■ ASSIGNMENT
In the data below, find the line containing "Nike Nike Free" and the line containing "Cove Gold Pearl", then reproduce them and every line between, exactly. Omit pictures.

■ INPUT FOR THIS TASK
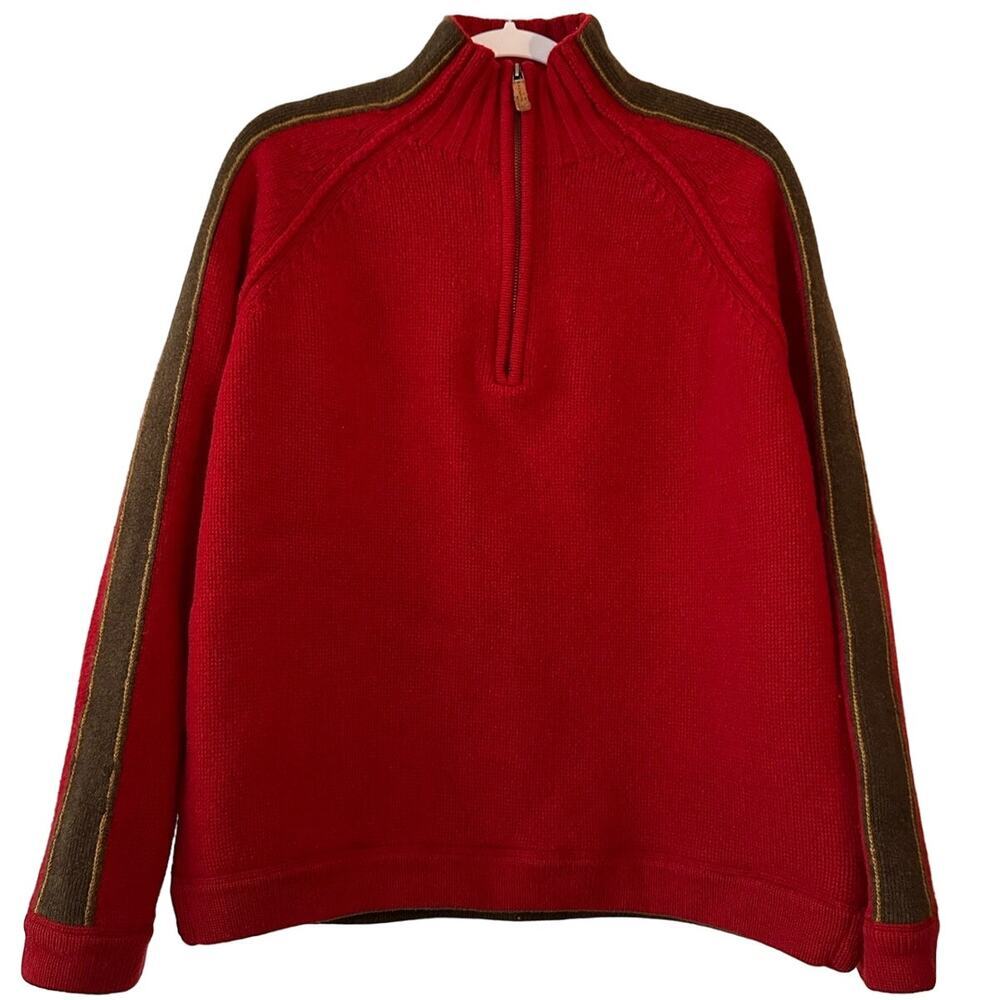 Fat Face | Large/XLarge |‎ 100% Lambswool 1/4 Zip Sweater jumper sustainable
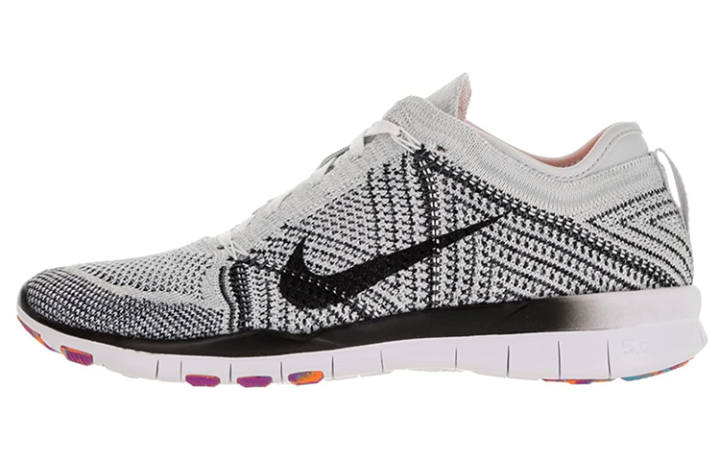 Nike Nike Free Tr Trainer Flyknit Low Top Running Shoes Black/White/Gray Women's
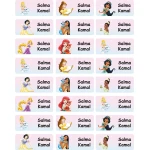 Tob3a Book Labels, Disney Princesses - طبعة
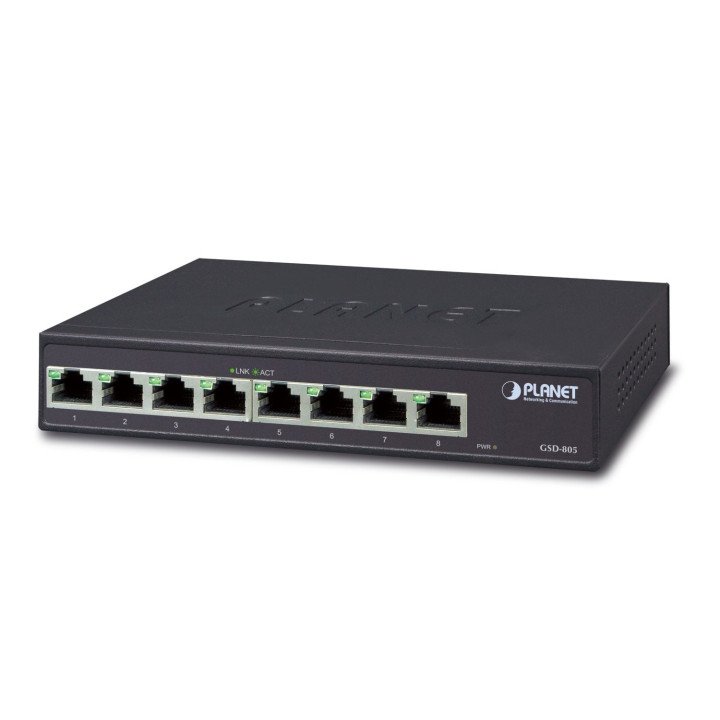 PLANET GSD-805 8-Port Gigabit Ethernet Switch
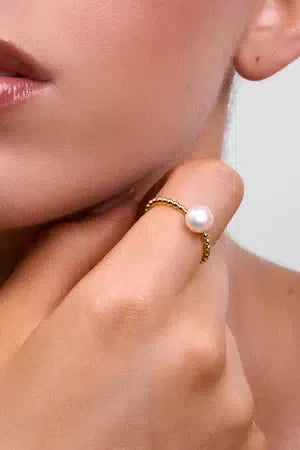 Cove Gold Pearl Ring-Jewellery-Liberte-The Bay Room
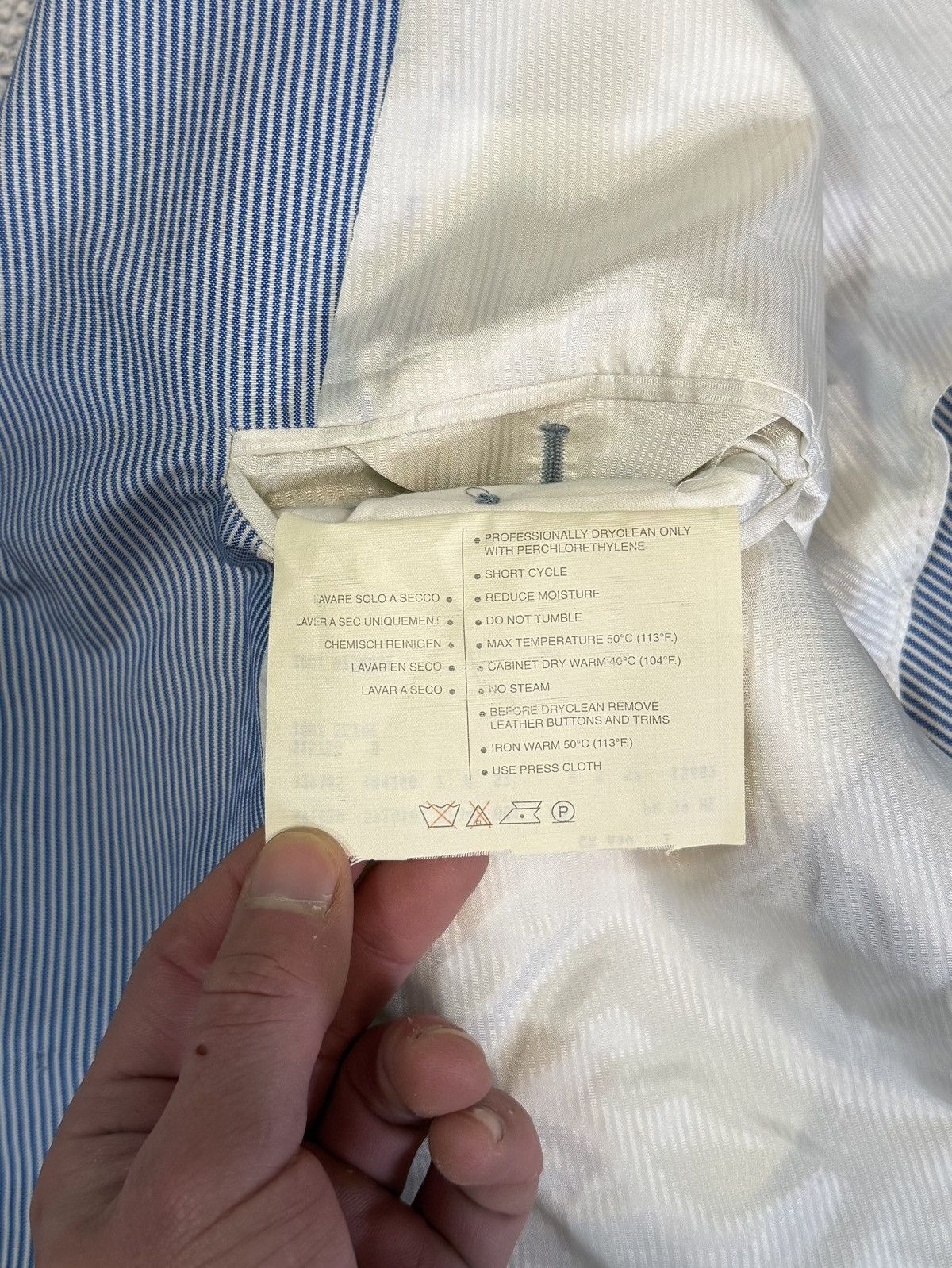 Ermenegildo Zegna Ermenegildo Zegna Soft Silk Blazer 52R Seersucker Luxury Size 42R - 8 Thumbnail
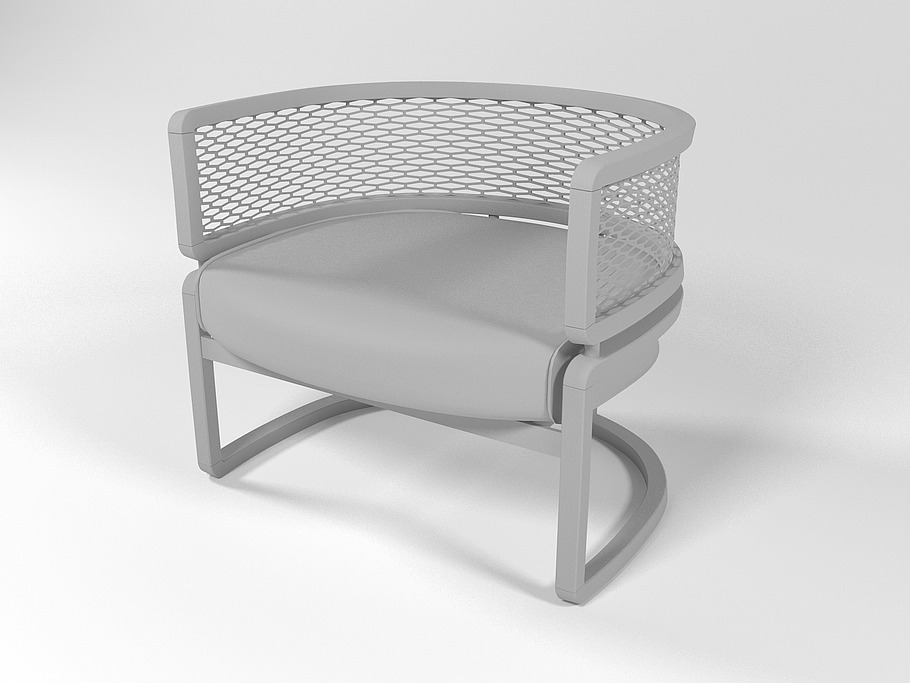 Armchair 0511 in Furniture - product preview 10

■ ANSWER FOR THIS EXERCISE
 Nike Nike Free Tr Trainer Flyknit Low Top Running Shoes Black/White/Gray Women's
 Tob3a Book Labels, Disney Princesses - طبعة
 PLANET GSD-805 8-Port Gigabit Ethernet Switch
 Cove Gold Pearl Ring-Jewellery-Liberte-The Bay Room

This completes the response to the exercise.